今日のテーマは、「実は伊達家は存在しなかったかもしれない」です。

まずは、伊達家がどういう経緯で誕生したのか?

 

それを追って、時計を鎌倉幕府成立の頃に戻してみるとしましょう。

 鎌倉幕府の初代征夷大将軍の源頼朝と義経の仲が冷え切って幾年。振り返れば、源氏のため、兄頼朝のためにひたすら忠義を尽くしてきた九郎義経。平家という当時の悪の帝国を壊滅させた立役者のはずなのに、調子に乗ってしまったというのか、大天狗(後白河法皇のこと)に踊らされてしまったからなのか、源兄弟の心のベクトルは完全にすれ違いを起こしてしまった。

頼朝から追われる身となった義経。ここで、頼朝は大江広元らのアドバイスを受け入れて、次のような手を打つ。平家を滅ぼした今、次のターゲットは奥州藤原氏。だけど、大義名分も無いのにやみくもに戦は仕掛けられない。そこで、西国に逃亡した義経の包囲網を徐々に狭めていって東国、奥州平泉へ逃げ延びるように誘い込む。なんともいやらしいが理にかなったクレバーな作戦がまんまと実行に移され、義経は平泉に辿り着きます。

義経をかくまった罪で泰衡を追求。それを口実に挙兵し、奥州藤原氏を滅ぼす。

かくしてこのプラン通りに事が運んで、「奥州合戦」、「奥州討伐」、「文治の役」と呼ばれる戦へと発展していきました。

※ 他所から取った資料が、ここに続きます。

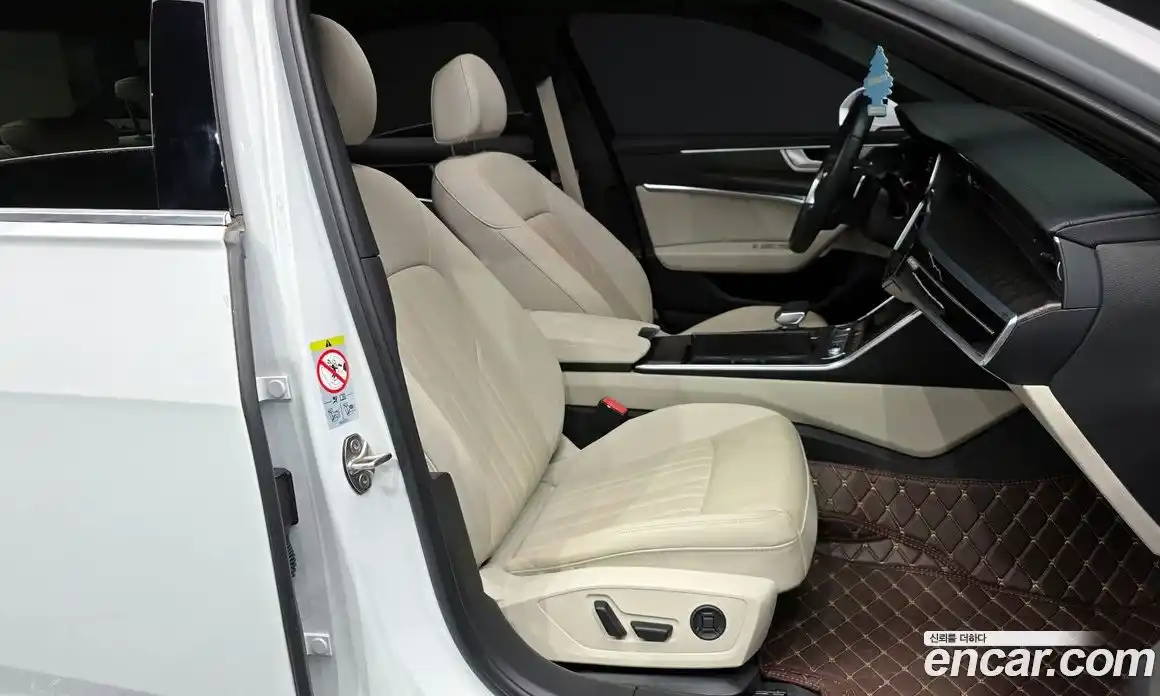 Audi A6 2023 2.0 Автомат в Москве № 162948, фото 15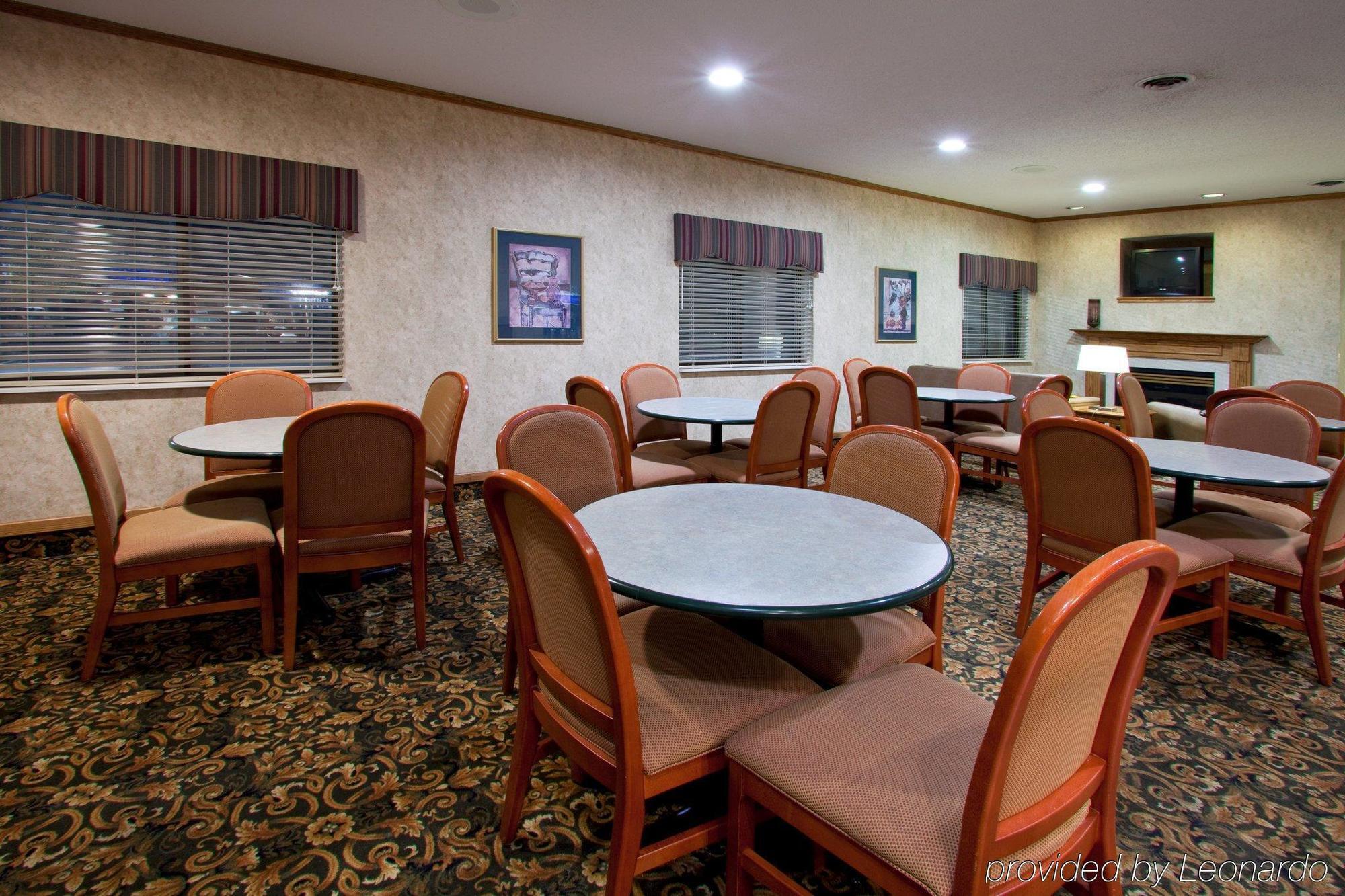 Holiday Inn Express Hotel Howe / Sturgis By Ihg Exterior foto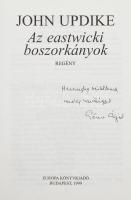 John Updike: Az eastwicki boszorkányok. A fordító, Göncz Árpád (1922-2015) köztársasági elnök által ...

頼朝は御家人たちに総動員令を発します、その軍勢の数は28万4千騎。そのメンバーの中に、頼朝のいとこである伊達家の始祖朝宗(ともむね)様にもお声が掛かった。当時、朝宗様は常陸国(今の茨城県)真壁郡伊佐荘中村に住んでおり、名字は「伊佐」または「中村」と名乗っておりました。「伊佐朝宗」OR「中村朝宗」。

そして、奧州合戦で軍功を上げたので、その恩賞として伊達郡(今の福島県伊達市)を拝領し、領内の桑折郷高子岡に城を築いて居住するようになります。初めは本拠地である常陸国がメインで、伊達郡はサブみたいなもんだったのですが、そのうちに、三代目の伊達義広様は桑折郡の粟野に屋敷を構えて住んだり、七代目の行宗様なんかは常陸中村と伊達を行ったり来たりしていた。それが八代、九代あたりから伊達郡を本拠地として住み始めたということのようです。

前述した朝宗様のように、住んでいる地名を名乗るという習わしから伊達地方を治めていて、伊達に住んでいたから代々「伊達」を名乗っていったという分けです。

こうして、「伊達家」が歴史の表舞台に登場したということになるのです。

伊達家にしてみれば、東国(関東)には有力なライバルが多いんで、与えられた陸奥の国の方が治めやすいし、領土拡張も期待出来たってことだったでしょうか。

つまり、ここにこんな「たら・れば」仮説が成り立つ。

1.もし、頼朝と義経の兄弟仲が悪くならなければ、奥州合戦も起こらなかった。

2.もし、奥州合戦が起こらなければ、朝宗は参戦していない分けだから軍功を上げることも無く、伊達郡を拝領することもなかった。=伊達家は存在していないか、別の人が伊達家を名乗っていたのかも。

ただ、遅かれ早かれ、頼朝は奧州藤原氏を滅ぼしたいと思っていたと仮定すれば、奧州合戦はあって、いとこである朝宗様も間違いなくその軍勢には加わってはいたものと推察されます。


何はともあれ、今日まで存続している伊達家にはあっぱれ!です。!(^^)!

 

※昨今の歴史研究の進展は目覚ましいものがあり、過去の書物に記された史実や出来事などとは別の説が発表されたり、歴史認識が改められたりしている事も多く見受けられます。このブログで書かれたことは、諸説ある中でも多く語られることの多い部分を抽出して書かれたものであり、歴史認識や見解の確からしさを断定するものではありませんことをご理解頂きますようお願い申し上げます。